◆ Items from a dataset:
■ ■ ■ ■

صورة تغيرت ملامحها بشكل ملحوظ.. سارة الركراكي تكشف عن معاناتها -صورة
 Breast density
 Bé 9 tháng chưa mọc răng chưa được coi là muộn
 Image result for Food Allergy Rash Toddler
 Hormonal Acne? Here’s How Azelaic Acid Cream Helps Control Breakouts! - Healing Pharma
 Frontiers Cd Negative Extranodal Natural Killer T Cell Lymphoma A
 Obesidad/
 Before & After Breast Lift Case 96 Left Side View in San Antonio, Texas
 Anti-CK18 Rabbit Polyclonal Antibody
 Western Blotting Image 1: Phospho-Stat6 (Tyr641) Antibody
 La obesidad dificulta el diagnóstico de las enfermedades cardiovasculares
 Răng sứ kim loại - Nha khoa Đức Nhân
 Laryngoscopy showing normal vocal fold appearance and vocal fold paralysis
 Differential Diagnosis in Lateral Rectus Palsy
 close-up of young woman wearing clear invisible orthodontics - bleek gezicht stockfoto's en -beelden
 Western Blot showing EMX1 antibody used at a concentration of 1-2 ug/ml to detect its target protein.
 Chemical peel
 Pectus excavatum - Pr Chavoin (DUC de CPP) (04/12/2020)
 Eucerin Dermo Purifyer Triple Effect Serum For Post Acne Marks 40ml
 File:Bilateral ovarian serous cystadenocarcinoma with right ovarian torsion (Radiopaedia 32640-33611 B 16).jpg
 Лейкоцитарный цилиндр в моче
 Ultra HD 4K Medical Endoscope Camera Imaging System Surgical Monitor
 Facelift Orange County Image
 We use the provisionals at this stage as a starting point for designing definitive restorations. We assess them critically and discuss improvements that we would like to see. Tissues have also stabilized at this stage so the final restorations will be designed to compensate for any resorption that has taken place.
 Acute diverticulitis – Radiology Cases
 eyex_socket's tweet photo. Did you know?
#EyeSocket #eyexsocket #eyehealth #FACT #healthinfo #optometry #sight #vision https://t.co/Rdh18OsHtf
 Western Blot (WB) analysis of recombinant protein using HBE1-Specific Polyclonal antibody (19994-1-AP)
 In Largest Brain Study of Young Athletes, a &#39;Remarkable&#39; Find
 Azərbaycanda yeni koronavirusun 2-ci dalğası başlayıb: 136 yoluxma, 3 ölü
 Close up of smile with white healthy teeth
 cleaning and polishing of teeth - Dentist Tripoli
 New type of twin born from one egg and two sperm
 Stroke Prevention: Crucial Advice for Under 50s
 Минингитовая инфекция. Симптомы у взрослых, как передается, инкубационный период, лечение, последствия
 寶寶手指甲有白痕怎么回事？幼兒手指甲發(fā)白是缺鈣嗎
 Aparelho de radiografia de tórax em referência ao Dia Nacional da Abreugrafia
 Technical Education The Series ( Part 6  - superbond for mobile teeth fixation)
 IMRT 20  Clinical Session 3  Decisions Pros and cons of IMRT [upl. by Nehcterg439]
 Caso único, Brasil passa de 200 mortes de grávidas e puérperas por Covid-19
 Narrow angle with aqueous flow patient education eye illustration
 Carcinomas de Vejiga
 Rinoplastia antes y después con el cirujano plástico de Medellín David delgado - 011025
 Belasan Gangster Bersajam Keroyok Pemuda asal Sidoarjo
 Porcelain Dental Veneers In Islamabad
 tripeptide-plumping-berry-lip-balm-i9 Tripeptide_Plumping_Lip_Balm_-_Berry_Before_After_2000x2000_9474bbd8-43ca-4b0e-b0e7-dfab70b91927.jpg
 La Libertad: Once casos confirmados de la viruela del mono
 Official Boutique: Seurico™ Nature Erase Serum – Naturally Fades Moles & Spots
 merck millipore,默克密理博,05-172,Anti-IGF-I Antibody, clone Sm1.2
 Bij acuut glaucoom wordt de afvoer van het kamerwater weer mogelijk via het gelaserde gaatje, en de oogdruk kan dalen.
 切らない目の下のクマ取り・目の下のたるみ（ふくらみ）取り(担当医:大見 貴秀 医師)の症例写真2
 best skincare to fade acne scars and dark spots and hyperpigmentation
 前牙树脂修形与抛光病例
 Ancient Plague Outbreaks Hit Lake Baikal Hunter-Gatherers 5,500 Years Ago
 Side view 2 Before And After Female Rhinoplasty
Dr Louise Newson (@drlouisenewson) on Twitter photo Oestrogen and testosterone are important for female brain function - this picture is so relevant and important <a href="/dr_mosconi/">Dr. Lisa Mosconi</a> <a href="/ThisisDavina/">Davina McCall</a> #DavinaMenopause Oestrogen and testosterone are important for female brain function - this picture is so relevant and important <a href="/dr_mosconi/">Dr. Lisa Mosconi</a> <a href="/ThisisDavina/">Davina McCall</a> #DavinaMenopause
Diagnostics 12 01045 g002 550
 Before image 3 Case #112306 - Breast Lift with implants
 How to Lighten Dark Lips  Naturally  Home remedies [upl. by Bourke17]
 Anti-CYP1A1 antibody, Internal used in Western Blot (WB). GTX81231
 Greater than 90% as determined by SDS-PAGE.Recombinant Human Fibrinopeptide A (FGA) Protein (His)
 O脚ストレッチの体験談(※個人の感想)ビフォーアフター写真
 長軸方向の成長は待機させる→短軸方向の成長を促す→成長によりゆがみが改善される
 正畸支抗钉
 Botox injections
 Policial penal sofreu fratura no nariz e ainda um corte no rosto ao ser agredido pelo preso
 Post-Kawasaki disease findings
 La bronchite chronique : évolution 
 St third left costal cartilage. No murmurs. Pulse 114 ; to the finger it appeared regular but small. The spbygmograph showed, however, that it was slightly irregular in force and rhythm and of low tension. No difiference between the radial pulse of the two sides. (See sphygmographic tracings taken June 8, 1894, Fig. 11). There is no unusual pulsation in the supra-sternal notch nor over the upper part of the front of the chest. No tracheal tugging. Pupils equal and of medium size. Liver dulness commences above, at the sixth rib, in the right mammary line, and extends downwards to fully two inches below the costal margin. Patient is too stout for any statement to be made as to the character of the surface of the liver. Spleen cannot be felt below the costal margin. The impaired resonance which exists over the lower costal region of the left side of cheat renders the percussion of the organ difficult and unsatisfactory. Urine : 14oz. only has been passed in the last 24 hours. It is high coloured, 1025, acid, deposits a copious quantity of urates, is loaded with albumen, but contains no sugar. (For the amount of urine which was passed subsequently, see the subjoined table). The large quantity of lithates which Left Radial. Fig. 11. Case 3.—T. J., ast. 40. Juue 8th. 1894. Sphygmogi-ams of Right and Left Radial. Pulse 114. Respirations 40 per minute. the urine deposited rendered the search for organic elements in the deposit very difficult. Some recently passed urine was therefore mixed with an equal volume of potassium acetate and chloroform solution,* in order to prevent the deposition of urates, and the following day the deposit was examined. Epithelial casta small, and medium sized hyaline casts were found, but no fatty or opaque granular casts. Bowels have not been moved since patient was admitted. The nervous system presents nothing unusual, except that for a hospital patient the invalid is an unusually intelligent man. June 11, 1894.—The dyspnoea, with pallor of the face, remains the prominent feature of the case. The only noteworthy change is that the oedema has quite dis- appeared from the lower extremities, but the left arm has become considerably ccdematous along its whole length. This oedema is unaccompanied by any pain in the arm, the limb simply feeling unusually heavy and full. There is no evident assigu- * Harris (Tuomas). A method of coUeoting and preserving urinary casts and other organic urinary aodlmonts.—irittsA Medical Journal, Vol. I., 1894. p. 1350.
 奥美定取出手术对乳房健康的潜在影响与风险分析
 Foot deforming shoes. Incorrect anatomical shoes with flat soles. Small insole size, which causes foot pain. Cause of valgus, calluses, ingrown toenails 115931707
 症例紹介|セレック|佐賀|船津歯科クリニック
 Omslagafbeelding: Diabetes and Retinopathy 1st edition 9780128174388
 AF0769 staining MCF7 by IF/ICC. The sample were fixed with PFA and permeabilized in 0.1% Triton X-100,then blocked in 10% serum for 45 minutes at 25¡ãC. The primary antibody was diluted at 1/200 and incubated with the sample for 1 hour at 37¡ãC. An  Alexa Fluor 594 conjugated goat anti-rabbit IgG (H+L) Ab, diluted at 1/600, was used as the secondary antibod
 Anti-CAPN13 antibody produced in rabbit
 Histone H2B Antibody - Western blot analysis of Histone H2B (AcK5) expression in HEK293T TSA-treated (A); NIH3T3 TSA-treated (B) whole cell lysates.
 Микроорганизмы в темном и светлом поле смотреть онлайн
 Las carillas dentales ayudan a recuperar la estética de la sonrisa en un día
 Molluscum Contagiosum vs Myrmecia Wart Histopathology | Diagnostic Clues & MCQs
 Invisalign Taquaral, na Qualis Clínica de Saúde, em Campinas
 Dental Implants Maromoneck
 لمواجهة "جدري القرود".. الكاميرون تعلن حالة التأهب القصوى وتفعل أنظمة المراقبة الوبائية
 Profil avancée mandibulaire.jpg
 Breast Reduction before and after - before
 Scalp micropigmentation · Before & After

■ ■ ■ ■

Please transcribe only the lines in the records above running from the line that has "Belasan Gangster Bersajam" through the line that has "How to Lighten", both included, exactly as they appear.

 Belasan Gangster Bersajam Keroyok Pemuda asal Sidoarjo
 Porcelain Dental Veneers In Islamabad
 tripeptide-plumping-berry-lip-balm-i9 Tripeptide_Plumping_Lip_Balm_-_Berry_Before_After_2000x2000_9474bbd8-43ca-4b0e-b0e7-dfab70b91927.jpg
 La Libertad: Once casos confirmados de la viruela del mono
 Official Boutique: Seurico™ Nature Erase Serum – Naturally Fades Moles & Spots
 merck millipore,默克密理博,05-172,Anti-IGF-I Antibody, clone Sm1.2
 Bij acuut glaucoom wordt de afvoer van het kamerwater weer mogelijk via het gelaserde gaatje, en de oogdruk kan dalen.
 切らない目の下のクマ取り・目の下のたるみ（ふくらみ）取り(担当医:大見 貴秀 医師)の症例写真2
 best skincare to fade acne scars and dark spots and hyperpigmentation
 前牙树脂修形与抛光病例
 Ancient Plague Outbreaks Hit Lake Baikal Hunter-Gatherers 5,500 Years Ago
 Side view 2 Before And After Female Rhinoplasty
Dr Louise Newson (@drlouisenewson) on Twitter photo Oestrogen and testosterone are important for female brain function - this picture is so relevant and important <a href="/dr_mosconi/">Dr. Lisa Mosconi</a> <a href="/ThisisDavina/">Davina McCall</a> #DavinaMenopause Oestrogen and testosterone are important for female brain function - this picture is so relevant and important <a href="/dr_mosconi/">Dr. Lisa Mosconi</a> <a href="/ThisisDavina/">Davina McCall</a> #DavinaMenopause
Diagnostics 12 01045 g002 550
 Before image 3 Case #112306 - Breast Lift with implants
 How to Lighten Dark Lips  Naturally  Home remedies [upl. by Bourke17]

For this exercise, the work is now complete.